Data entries
+ + +

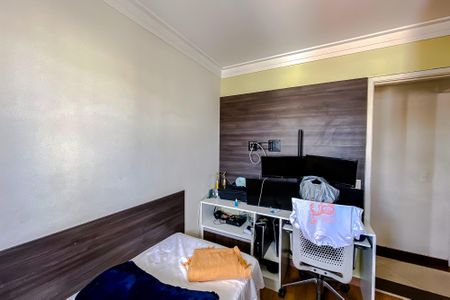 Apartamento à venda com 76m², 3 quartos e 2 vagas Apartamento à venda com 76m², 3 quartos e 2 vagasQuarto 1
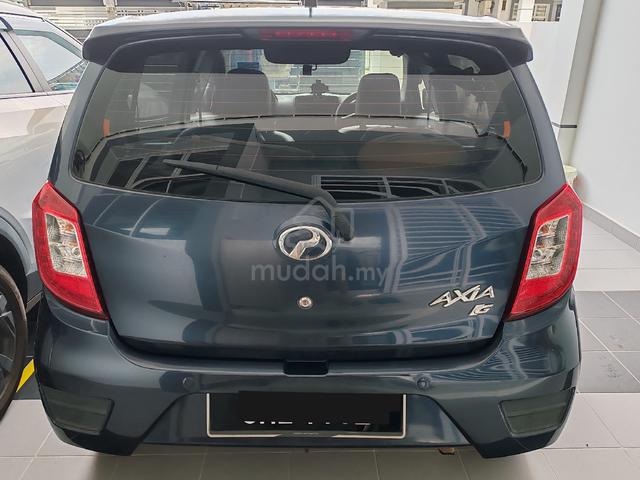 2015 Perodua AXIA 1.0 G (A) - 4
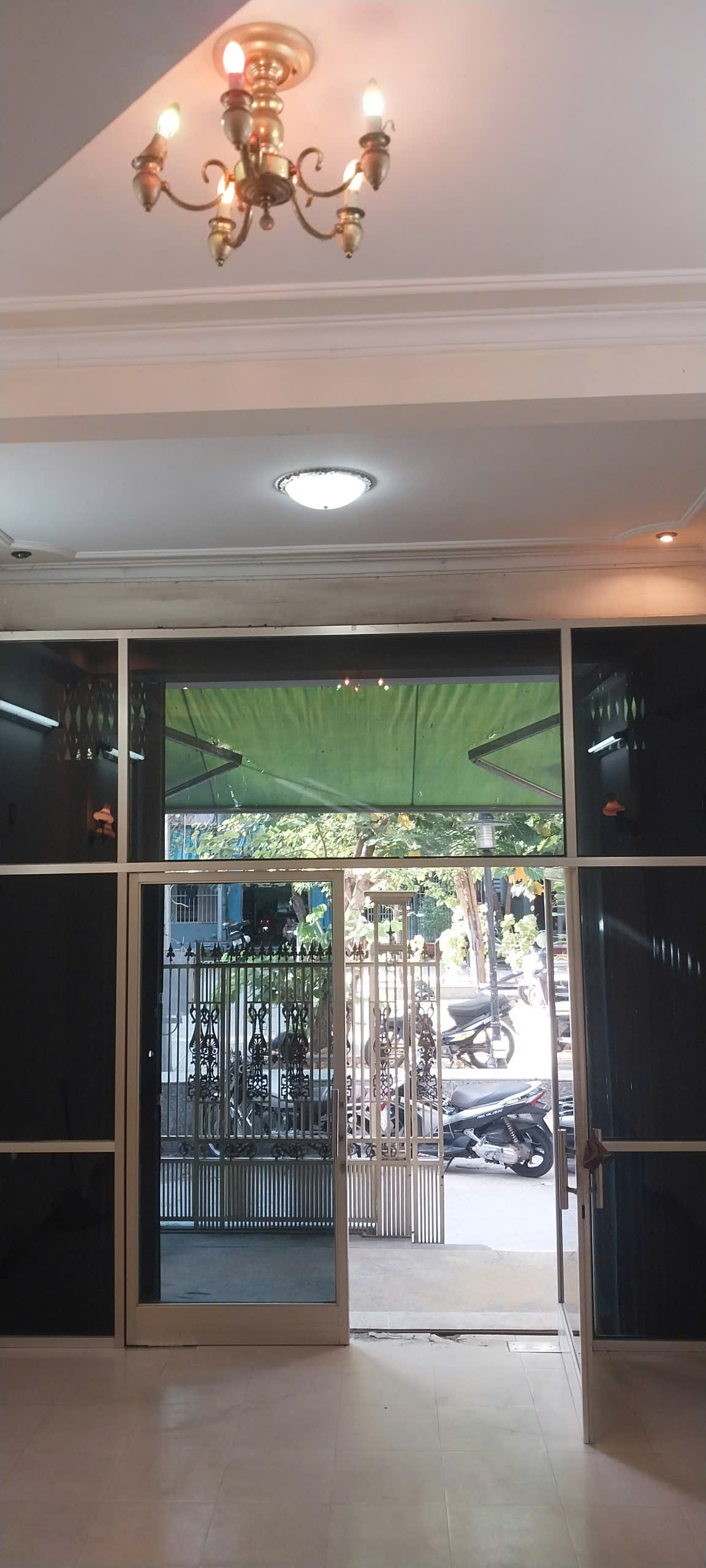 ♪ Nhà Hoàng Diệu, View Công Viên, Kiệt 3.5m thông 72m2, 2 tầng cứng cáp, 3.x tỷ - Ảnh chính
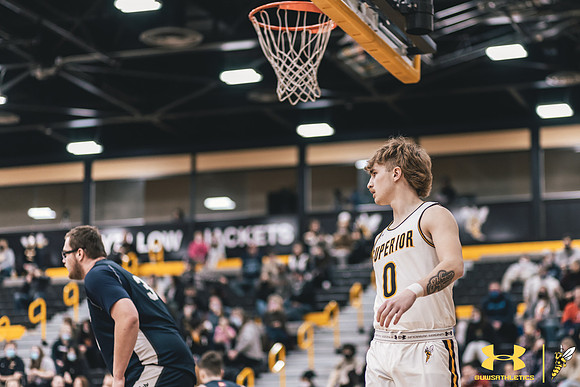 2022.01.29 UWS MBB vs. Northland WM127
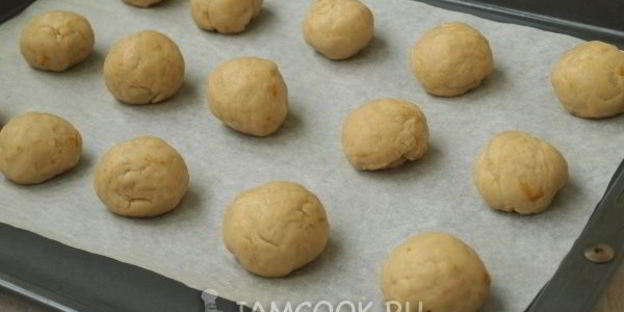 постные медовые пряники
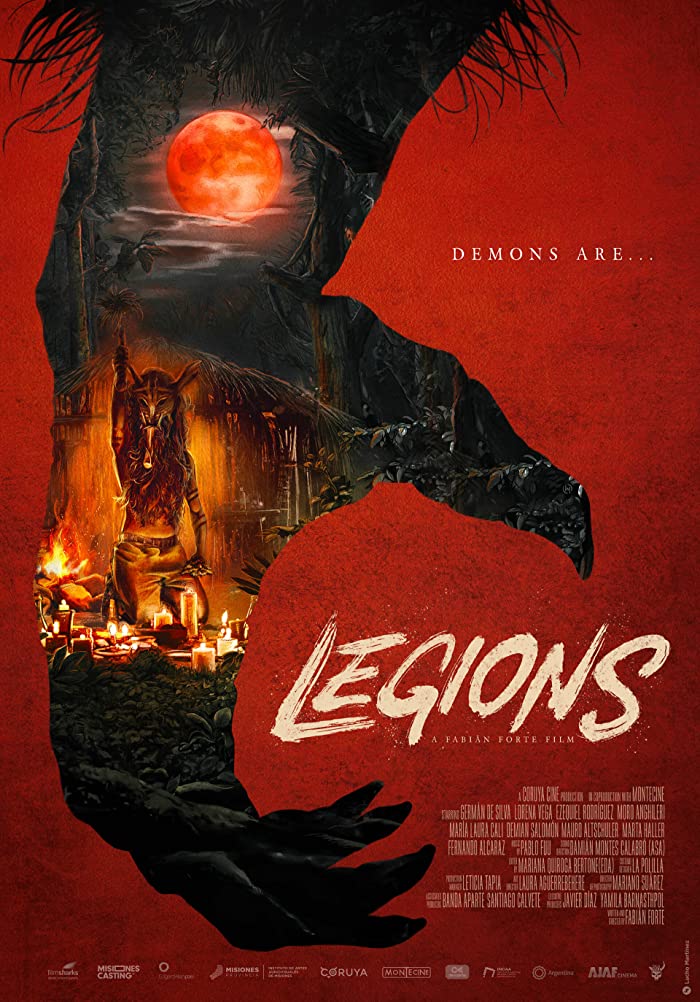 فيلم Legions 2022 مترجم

+ + +

WHAT IS BEING ASKED → For every record above, repeat the text exactly and omit any picture.

EXERCISE OUTPUT →
 Apartamento à venda com 76m², 3 quartos e 2 vagas Apartamento à venda com 76m², 3 quartos e 2 vagasQuarto 1
 2015 Perodua AXIA 1.0 G (A) - 4
 ♪ Nhà Hoàng Diệu, View Công Viên, Kiệt 3.5m thông 72m2, 2 tầng cứng cáp, 3.x tỷ - Ảnh chính
 2022.01.29 UWS MBB vs. Northland WM127
 постные медовые пряники
 فيلم Legions 2022 مترجم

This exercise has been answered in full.